September 3, 5, & 6, 2025

September 3, 2025

LaGuardia Community College Performing Arts Centre Courtyard


September 3, 2025

Ancrage, by SenCirk (indoor, evening)

LaGuardia Community College Performing Arts Centre’s new state-of-the-art theatre

 

September 5, 2025

SenCirk Duo, by SenCirk, an outdoor version.

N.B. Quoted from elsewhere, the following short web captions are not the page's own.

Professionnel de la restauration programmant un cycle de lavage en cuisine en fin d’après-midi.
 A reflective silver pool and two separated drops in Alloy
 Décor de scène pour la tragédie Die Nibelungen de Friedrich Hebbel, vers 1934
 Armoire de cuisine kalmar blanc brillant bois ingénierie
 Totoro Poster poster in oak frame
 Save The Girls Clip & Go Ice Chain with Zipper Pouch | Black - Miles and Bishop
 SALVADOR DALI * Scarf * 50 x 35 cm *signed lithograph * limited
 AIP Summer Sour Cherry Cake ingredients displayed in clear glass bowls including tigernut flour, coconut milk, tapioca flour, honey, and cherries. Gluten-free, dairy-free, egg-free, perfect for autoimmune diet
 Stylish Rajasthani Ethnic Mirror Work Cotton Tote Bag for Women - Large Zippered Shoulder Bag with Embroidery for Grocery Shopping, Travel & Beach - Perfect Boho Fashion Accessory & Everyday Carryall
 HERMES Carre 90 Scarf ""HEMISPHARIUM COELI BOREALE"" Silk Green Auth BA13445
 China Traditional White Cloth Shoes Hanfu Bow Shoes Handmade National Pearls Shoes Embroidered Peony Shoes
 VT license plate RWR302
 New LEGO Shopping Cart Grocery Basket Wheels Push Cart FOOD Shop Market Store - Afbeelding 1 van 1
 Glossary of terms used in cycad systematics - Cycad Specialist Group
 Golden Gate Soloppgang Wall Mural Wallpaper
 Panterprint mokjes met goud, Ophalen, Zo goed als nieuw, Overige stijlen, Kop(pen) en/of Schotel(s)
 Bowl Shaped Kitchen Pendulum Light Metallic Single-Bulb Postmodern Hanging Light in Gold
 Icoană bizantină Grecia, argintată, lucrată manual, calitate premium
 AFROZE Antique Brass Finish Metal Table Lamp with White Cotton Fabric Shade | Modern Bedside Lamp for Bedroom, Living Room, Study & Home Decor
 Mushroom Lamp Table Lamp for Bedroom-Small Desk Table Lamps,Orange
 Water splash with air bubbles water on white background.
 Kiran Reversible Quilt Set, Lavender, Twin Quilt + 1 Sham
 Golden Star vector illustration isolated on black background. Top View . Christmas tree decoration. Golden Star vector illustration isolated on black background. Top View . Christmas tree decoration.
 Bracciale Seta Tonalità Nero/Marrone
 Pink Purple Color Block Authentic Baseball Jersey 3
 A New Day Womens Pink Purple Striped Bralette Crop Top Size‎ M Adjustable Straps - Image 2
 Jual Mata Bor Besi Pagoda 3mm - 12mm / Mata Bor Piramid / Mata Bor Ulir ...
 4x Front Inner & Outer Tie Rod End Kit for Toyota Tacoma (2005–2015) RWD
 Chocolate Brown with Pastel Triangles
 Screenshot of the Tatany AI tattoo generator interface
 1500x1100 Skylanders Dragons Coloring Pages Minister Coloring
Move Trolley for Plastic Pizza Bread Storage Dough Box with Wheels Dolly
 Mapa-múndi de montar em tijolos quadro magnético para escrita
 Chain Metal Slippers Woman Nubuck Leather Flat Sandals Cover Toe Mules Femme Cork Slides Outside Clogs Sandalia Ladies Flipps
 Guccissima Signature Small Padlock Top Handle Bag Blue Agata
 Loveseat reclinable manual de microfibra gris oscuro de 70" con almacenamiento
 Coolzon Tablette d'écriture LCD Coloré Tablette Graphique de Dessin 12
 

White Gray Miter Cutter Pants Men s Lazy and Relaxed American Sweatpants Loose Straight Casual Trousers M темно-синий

Marcus Garvey Park, Harlem, 2 shows, with a kids workshop workshops in tightrope walking, costume design, and photography to promote personal development, between afternoon and evening performances

ANCRAGE (anchoring) and DUO SENCIRK by SenCirk, Senegal's only circus troupe, founded by former street child Modou Touré, a circus-dance-acrobatic-balance-inspired performance about identity and returning to one’s roots. In ANCRAGE (anchoring), indoor version, and DUO SENCIRK (an outdoor version), a man awakens and encounters an alien being. Performed by two acrobats, Modou Fata Touré and Ibrahima Camara, they measure, observe and confront each other, then mutually tame each other. When they find their anchorage, a world arises where nature and man merge, take root in each other, and harmony is created. Modou Fata Touré questions Europe and Africa: What if contemporary circus was not only European, and what if African circus was not exclusively traditional? Through ANCRAGE, Modou and Ibrahima reclaim the circus's African identity. The local materials of Senegal—bags of rice, traditional brooms, wooden ladders— join raw materials like earth, sand, aluminium, and straw. SenCirk's unique approach shares personal stories that West Africans—and others—can relate to, from clandestine migration to Europe to the experience of living as a talibé runaway. Founded in 2009 by Modou Fata Touré, SenCirk is Senegal's first circus organization, encompassing a company, school, and performance tent. Touré, who as a teenager discovered circus arts at Sweden's Cirkus Cirkör, transformed himself from a child beggar to a leading figure in contemporary African circus. Rather than pursuing a career in Europe, he returned home to establish SenCirk, which uniquely blends traditional Senegalese culture with contemporary circus arts. The company employs 12 professional artists from diverse backgrounds and provides free workshops at shelters for street children and women. SenCirk maintains its African identity by crafting equipment from local materials and training future circus professionals while supporting children in need throughout Dakar.

A figure on the Senegalese art scene, Modou Fata Touré juggles disciplines to create a dialogue between his culture and that of the new circus. With Ancrage, he imagines a show deeply inspired by his native land, a reflection on the disconnected and sometimes conflicting relationship between humans and nature.